To avoid hive mind investing, BGO in 2020 began hiring data scientists, including Chris Liedtke, now managing director and chief data scientist at the firm, to work on a data model to guide investment decisions.
BGO fed tens of thousands of demographic, market and historical data points on every investment it had ever made into a computer model and used it to analyze which factors and metrics determined whether an investment was successful.
The AI found that for core and core-plus deals in particular, upward of 70% of performance comes from being in the right market. Investment professionals have always known location is important, Carrafiell said, but historically the sector has underappreciated the importance of which submarket you invest in.
“If we blindly tested investment professionals, they probably would have said market was something like a third, and more important was the in price,” he said. “In price is of course very important, but if you got a great in price and it was a market where rents declined, you had a pretty lousy investment.”
Armed with that insight, BGO has created a model that ranks 400 U.S. metropolitan statistical areas according to their expected performance for different property types.
If a property is in a low or middling market according to its rankings, the company will only buy at an incredibly low price.
The model comes into its own when it allows the company to be contrarian, Carrafiell said — where the real estate market generally thinks a region will underperform but BGO’s model says it will be a winner. Or, like the Inland Empire portfolio, the market thinks good performance will continue, but its model indicates fundamentals are about to take a turn for the worse.
Carrafiell was cagey about the specific data BGO uses, but he gave some examples when it comes to residential investment. It is well-established that the quality of education in an area determines whether people want to live there. But the company can now go further in its analysis, taking into account factors like inward migration forecasts and how educated those people are or what their earning potential is.
BGO is on the fifth iteration of its model, Carrafiell said, and it continually tweaks the inputs it uses. The increase in computing power over the last few years has allowed it to input more data and produce analyses faster.

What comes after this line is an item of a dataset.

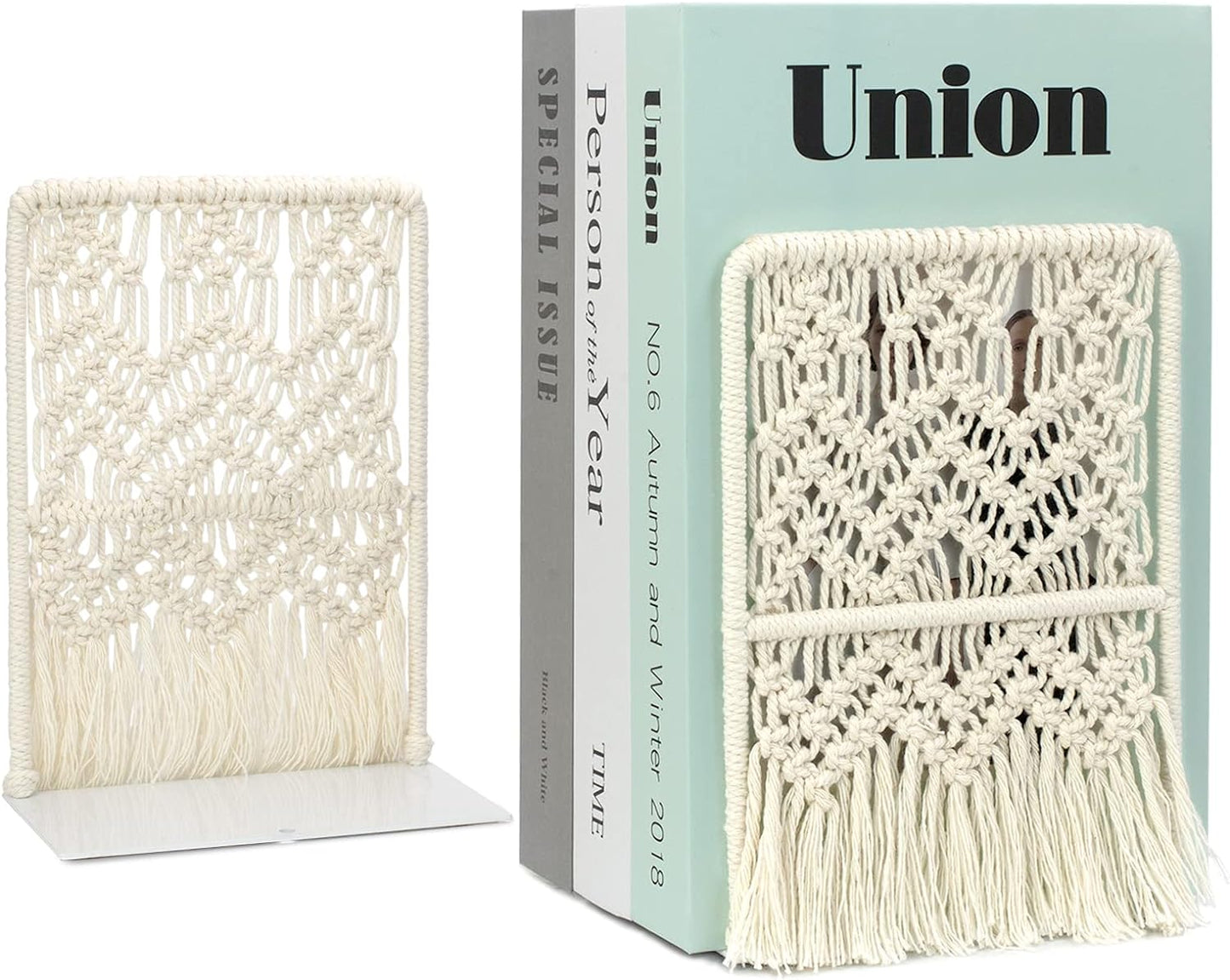AELS Boho Macrame Bookends, Heavy Duty Metal Book Ends, Decorative Unique Bookend Supports for Shelves, Stopper for Books/Movies/CD, Farmhouse Decoration,Thanksgiving for Friends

The company has made a significant investment in its data science team, in acquiring data sets and also paying to use data center-based cloud computing systems that use top-end Nvidia AI processing chips.
Even so, the quarterly process of rerating those 400 markets can take an entire weekend. BGO uses a variation of a Monte Carlo simulation, where a computer runs thousands of scenarios through a model to determine the most likely outcome.
Insights provided by the model are incorporated into decision-making at an early stage, whether BGO is evaluating new investments or when to sell existing assets.
“You need buy in from the top down and from the bottom up,” Carrafiell said. “This is not a tool that sits on the side of our investment teams’ desk and once a week they might look at it. We've actually seen how powerful it is and how instrumental it is in generating alpha and outperformance.”
Carrafiell said BGO is a step ahead of peers that might only be starting to incorporate data and AI now. And it is hoping to extend the type of analysis its model can undertake.
BGO is examining ways to use data to more accurately predict how individual assets will perform in the future, in the same way it does now for wider locations. It is looking at ways of taking the data it has for individual real estate sectors and using it to determine the optimum allocation among asset classes to create a long-term core or core-plus portfolio that overperforms.
Increasing computing power means both should be possible soon, Carrafiell said.
At the end of the day, the data model BGO uses doesn’t eradicate traditional investment skills, he said — it just makes sure an investor’s biases don’t get in the way of the facts.
“You’ve got to pound the pavement, you’ve got to walk the market,” Carrafiell said. “You walk the competitive buildings, you do your due diligence on what you're acquiring. You underwrite thoroughly. The day job does not change at all. You just have an extra edge.”